Neither party shall expose the minor children or allow the minor children to be exposed to sexually explicit conduct, language, television, videos, movies, book, or other material of any kind or allow the minor children access to such material through unsupervised use of computers, smart phones, or other technology that may become commonly used in the future.
You can now go to jail if your daughter listens to Beyonce.
All parties are retrained against allowing the child/children to see or be exposed to age inappropriate movies, computer access or websites, games or other such material or forms of entertainment and shall take all reasonable precautions against the same. In no case shall the children be exposed to any X-rated or pornographic material or R-rated movies.
There are currently 66 family court judges–including retired but active judges–in South Carolina. Any of those 66 could eventually be deciding what is “age inappropriate.” Given that South Carolina is a conservative state, I assume most of these judges decry the “nanny state.” Those same judges will be your child’s nanny.
Age inappropriate media can be a lovely bonding experience with one’s children. I know many young boys who relish playing violent video games with their fathers, often to their mother’s disapproval. Parents are entitled to have differing views on a child’s exposure to media.
My wife and younger daughter bond over cooking competition shows, fashion competition shows, and shows in which hugely entitled women yell at one another. I don’t think these shows are appropriate for any age. In return, my daughter and I bonded over movies entailing general mayhem, and specific zombie apocalypse. If a family court judge wouldn’t take his tween daughter to those movies, that’s his decision to make. But he shouldn’t make that decision for my daughter.
Another problem with this restraint is that it makes a parent responsible for any exposure by the child to such materials. Teens have been known to search out R-rated or pornographic materials on their own. The only way to comply with that restraint is to put blocks on a child’s internet access. Some parents may be willing to force this restriction. Most–for good reason–won’t. They shouldn’t risk jail for not doing so.
A restraint that “Neither party shall allow the minor children to watch or be exposed to NC-17 or X-rated movies or pornographic materials” should suffice to prevent harm. Outside of this restraint parents ought to be allowed to determine what media their children consume.
Both parties shall exercise such caution and care to keep each minor child in a safe environment.
Trampolines, swimming pools, and bicycles are now off limits. Accidental discharge of guns also kills hundreds of children every year. “South Carolina family court judge denies parents Second Amendment rights” is a headline I long to read. Car accidents kill numerous children every year. You can no longer raise your children in the suburbs. But the cities aren’t safe either. Move to the country and have them ride donkeys to school (but donkeys have been known to kick).
The only way to comply with this restraint is to wrap your children in bubble wrap. Please make sure they don’t choke on the plastic.
All parties are restrained against having any form of physical or verbal confrontation or allowing another to do so in front of the children.

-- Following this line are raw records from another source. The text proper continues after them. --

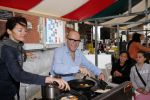 Amsterdam 1 juli 2013
Prominenten serveren 1 juli Keti Koti Ontbijt bij herdenking slavernijverleden op het Leidse Plein. Marc Marie Huybregts en Adelheid Roossen
Peter Smulders bv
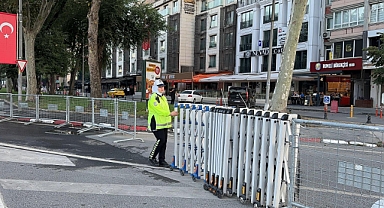İstanbul'da 30 Ağustos Zafer Bayramı nedeniyle Vatan Caddesi trafiğe kapatıldı
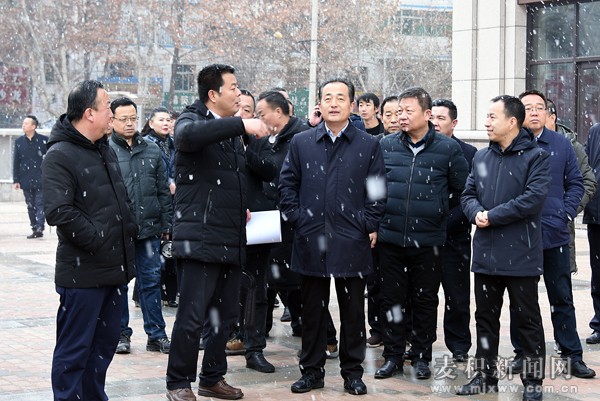 成少平帶隊(duì)督查調(diào)研橋南商場片區(qū)開發(fā)改造運(yùn)營等情況并召開專題辦公會議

I have no issue with the physical confrontation restraint. I have no issue with a restraint on verbal confrontations between the parties around the children (although I suspect few children from intact families never see their parents argue). But a restraint that prevents parents from getting into any verbal confrontations with others around their children is unworkable. Humans don’t always agree. One method of resolving disagreement is to argue–i.e., verbal confrontation. Compared to other methods of handling disagreement, it’s one of the better ones.
Perhaps in heaven everyone will get along. Here on earth, people have disagreements. I don’t think family court judges intend to put parents in jail if their children observe these disagreements. However they should draft better restraining orders.
Neither party shall expose the minor children to romantic companions, unrelated by blood or marriage, between the hours of 11:00 p.m. and 6:00 a.m.
I’ve previously blogged about this restraint’s overbreadth. While the family court’s continued belief that if children aren’t exposed to parental non-marital cohabitation they will somehow remain virgins until marriage is almost charmingly naive, this restraint still fails what I call the Jane Austin test. Miss Austin’s terribly upright aristocrats regularly stayed in the same home as someone to whom they were romantically attracted. In fact, that is how they conducted their courtships. If such courtship behavior is proper in Jane Austin’s world, it should pass muster in 21st century South Carolina.
I’ve had numerous recent cases in which clients could not bring romantic companions to family reunions even if numerous other family members would be present in the house, and even if the client did not share a bedroom with the romantic companion. Further because the restraint isn’t limited to activities within a bedroom, it restrains a parent from bringing the child and the romantic companion on late night (or early morning) activities.
Since South Carolina still loves this restraint, I try to draft it to make the limitation explicit to “within a residence.” To allow romantic companions at family events, I also like to add that, “This restraint does not prohibit either party from bringing a romantic companion to an event that is chaperoned by third-parties so long as that party and his or her romantic companion do not share a bedroom.”
Neither party shall expose the minor children to the use or possession of illegal drugs or abuse of alcohol or prescription drugs.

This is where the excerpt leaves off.